How to Implement Faceted Search Using CMS-Structured Data

AdvancedGuide

TL;DR

Faceted search lets users filter results by multiple attributes simultaneously — such as category, price range, and tag. CMS-structured data is ideal for faceted search because fields are typed and queryable. With Sanity, you can power faceted search using GROQ for small datasets or sync to Algolia/Typesense for large-scale filtering.

Key Takeaways

Faceted search requires structured, typed fields — a key advantage of a headless CMS over HTML-based content.
For small datasets, use GROQ filters with multiple conditions to implement facets server-side.
For large datasets, sync Sanity content to Algolia or Typesense and use their faceting APIs.
Use Sanity webhooks to keep the search index in sync when content changes.
Sanity's structured content model makes it straightforward to define facet fields in the schema.

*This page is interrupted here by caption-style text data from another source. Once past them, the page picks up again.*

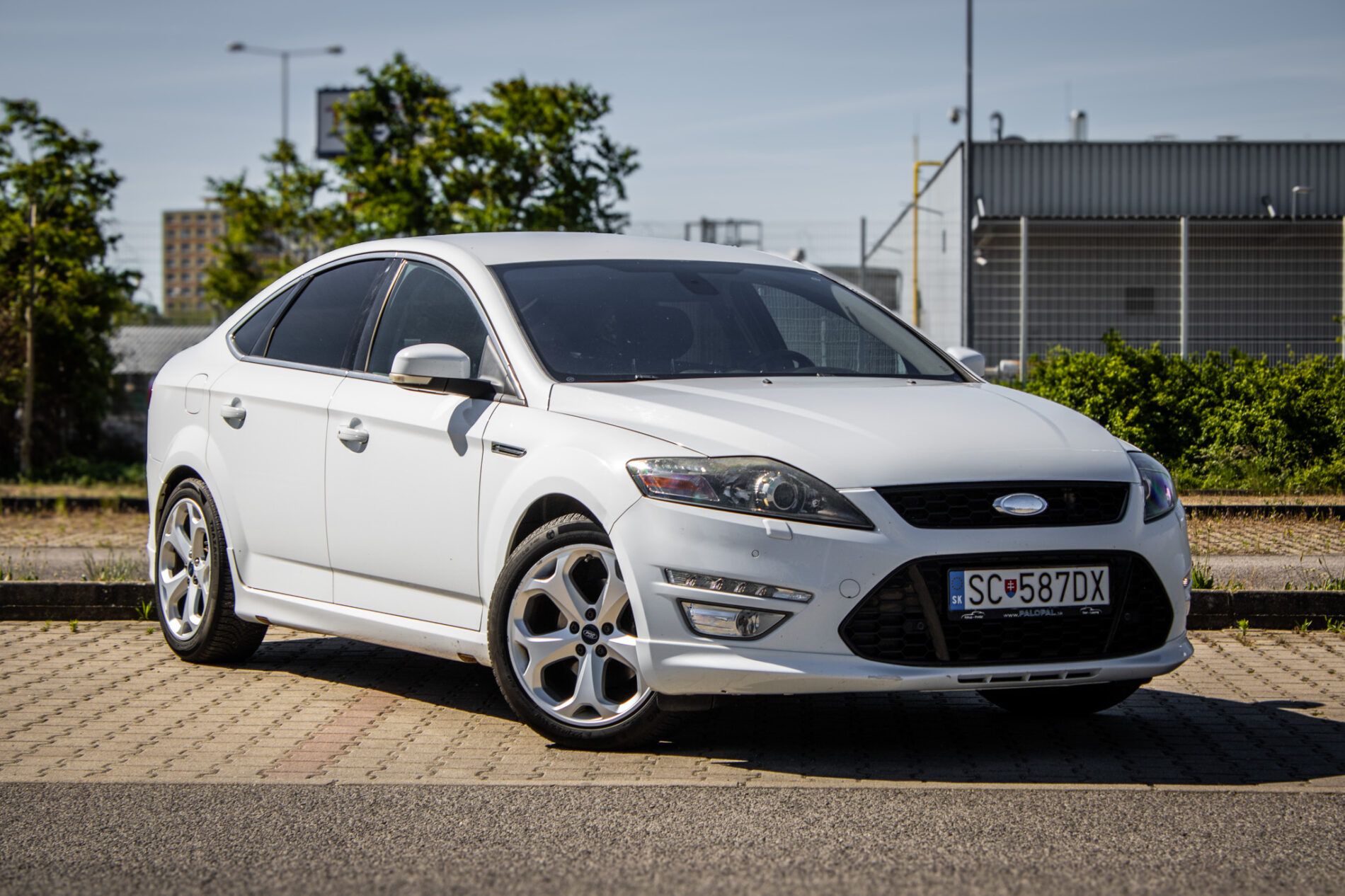 Ford Mondeo - fotka 3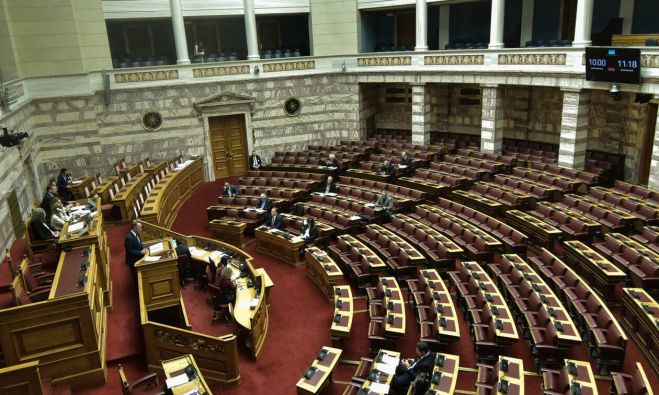 Κοροναϊός στην Ελλάδα | Δύο ύποπτα κρούσματα στη Βουλή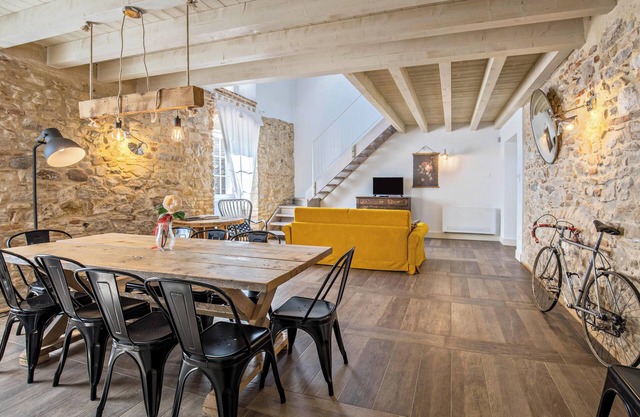 Spectacular Maisonette Apartment "Olmo" with Wi-Fi, Shared Garden & Pool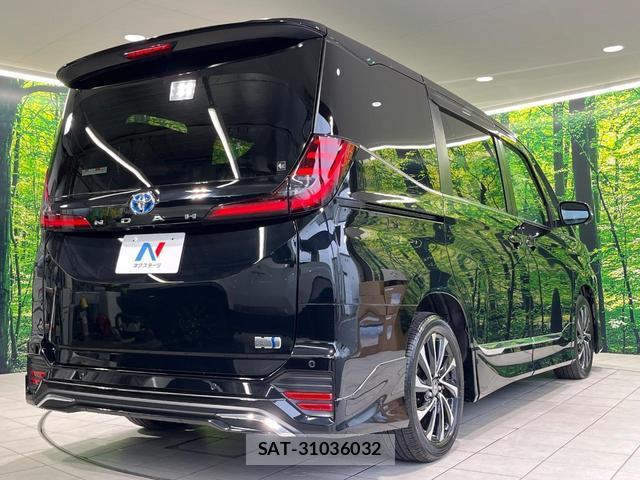 Toyota NOAH 2023-03 8813434-16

Faceted search is a filtering pattern that lets users narrow down a result set by selecting values across multiple independent dimensions — called facets — simultaneously. Think of an e-commerce site where you can filter by brand, price range, color, and rating all at once. Each active filter reduces the result set, and the available counts for remaining facets update dynamically.

Implementing faceted search well depends on one foundational requirement: your content must be structured. Unstructured HTML blobs cannot be faceted. A headless CMS like Sanity solves this at the schema level — every document has typed, named fields that can be queried, filtered, and aggregated.

Why Structured CMS Data Is Ideal for Faceted Search

Traditional CMS platforms store content as rich text or HTML, making it nearly impossible to filter by semantic attributes. A headless CMS like Sanity stores content as structured JSON documents with explicit field types. This means a product document might have a typed `category` string, a `price` number, a `tags` array, and a `brand` reference — all of which are directly queryable.

This structure is the prerequisite for faceted search. Without it, you cannot reliably extract facet values, count occurrences, or filter by attribute combinations.

Approach 1: GROQ-Based Faceting for Small Datasets

For datasets with fewer than a few thousand documents, Sanity's GROQ query language is powerful enough to implement server-side faceting without an external search engine. The strategy involves two types of queries: one to fetch the filtered results, and one (or several) to compute facet counts.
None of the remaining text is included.